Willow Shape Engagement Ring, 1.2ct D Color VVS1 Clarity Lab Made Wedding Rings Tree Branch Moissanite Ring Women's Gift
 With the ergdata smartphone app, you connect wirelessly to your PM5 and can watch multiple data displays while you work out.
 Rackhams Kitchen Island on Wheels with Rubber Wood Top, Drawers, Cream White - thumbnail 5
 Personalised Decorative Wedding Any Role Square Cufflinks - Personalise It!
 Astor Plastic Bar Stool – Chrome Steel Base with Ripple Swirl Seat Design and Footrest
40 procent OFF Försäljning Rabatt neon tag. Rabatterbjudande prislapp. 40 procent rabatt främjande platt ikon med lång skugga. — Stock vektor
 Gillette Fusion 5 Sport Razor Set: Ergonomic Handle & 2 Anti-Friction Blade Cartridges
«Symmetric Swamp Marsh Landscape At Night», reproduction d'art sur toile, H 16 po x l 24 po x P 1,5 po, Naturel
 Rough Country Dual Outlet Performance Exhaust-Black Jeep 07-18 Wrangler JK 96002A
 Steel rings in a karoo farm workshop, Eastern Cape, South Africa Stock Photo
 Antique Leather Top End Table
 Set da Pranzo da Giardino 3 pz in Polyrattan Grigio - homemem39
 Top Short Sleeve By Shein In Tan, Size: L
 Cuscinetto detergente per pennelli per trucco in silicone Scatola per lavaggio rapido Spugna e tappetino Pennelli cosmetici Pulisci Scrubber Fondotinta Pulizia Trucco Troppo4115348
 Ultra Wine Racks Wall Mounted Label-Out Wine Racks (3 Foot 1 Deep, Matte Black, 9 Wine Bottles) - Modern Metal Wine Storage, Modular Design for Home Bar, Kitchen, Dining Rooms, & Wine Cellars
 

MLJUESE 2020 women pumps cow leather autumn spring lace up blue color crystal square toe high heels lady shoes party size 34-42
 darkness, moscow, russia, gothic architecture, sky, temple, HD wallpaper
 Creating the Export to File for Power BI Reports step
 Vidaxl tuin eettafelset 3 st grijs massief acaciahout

----------------

Activity:
Reproduce every record above exactly.

Exercise output:
Willow Shape Engagement Ring, 1.2ct D Color VVS1 Clarity Lab Made Wedding Rings Tree Branch Moissanite Ring Women's Gift
 With the ergdata smartphone app, you connect wirelessly to your PM5 and can watch multiple data displays while you work out.
 Rackhams Kitchen Island on Wheels with Rubber Wood Top, Drawers, Cream White - thumbnail 5
 Personalised Decorative Wedding Any Role Square Cufflinks - Personalise It!
 Astor Plastic Bar Stool – Chrome Steel Base with Ripple Swirl Seat Design and Footrest
40 procent OFF Försäljning Rabatt neon tag. Rabatterbjudande prislapp. 40 procent rabatt främjande platt ikon med lång skugga. — Stock vektor
 Gillette Fusion 5 Sport Razor Set: Ergonomic Handle & 2 Anti-Friction Blade Cartridges
«Symmetric Swamp Marsh Landscape At Night», reproduction d'art sur toile, H 16 po x l 24 po x P 1,5 po, Naturel
 Rough Country Dual Outlet Performance Exhaust-Black Jeep 07-18 Wrangler JK 96002A
 Steel rings in a karoo farm workshop, Eastern Cape, South Africa Stock Photo
 Antique Leather Top End Table
 Set da Pranzo da Giardino 3 pz in Polyrattan Grigio - homemem39
 Top Short Sleeve By Shein In Tan, Size: L
 Cuscinetto detergente per pennelli per trucco in silicone Scatola per lavaggio rapido Spugna e tappetino Pennelli cosmetici Pulisci Scrubber Fondotinta Pulizia Trucco Troppo4115348
 Ultra Wine Racks Wall Mounted Label-Out Wine Racks (3 Foot 1 Deep, Matte Black, 9 Wine Bottles) - Modern Metal Wine Storage, Modular Design for Home Bar, Kitchen, Dining Rooms, & Wine Cellars
 

MLJUESE 2020 women pumps cow leather autumn spring lace up blue color crystal square toe high heels lady shoes party size 34-42
 darkness, moscow, russia, gothic architecture, sky, temple, HD wallpaper
 Creating the Export to File for Power BI Reports step
 Vidaxl tuin eettafelset 3 st grijs massief acaciahout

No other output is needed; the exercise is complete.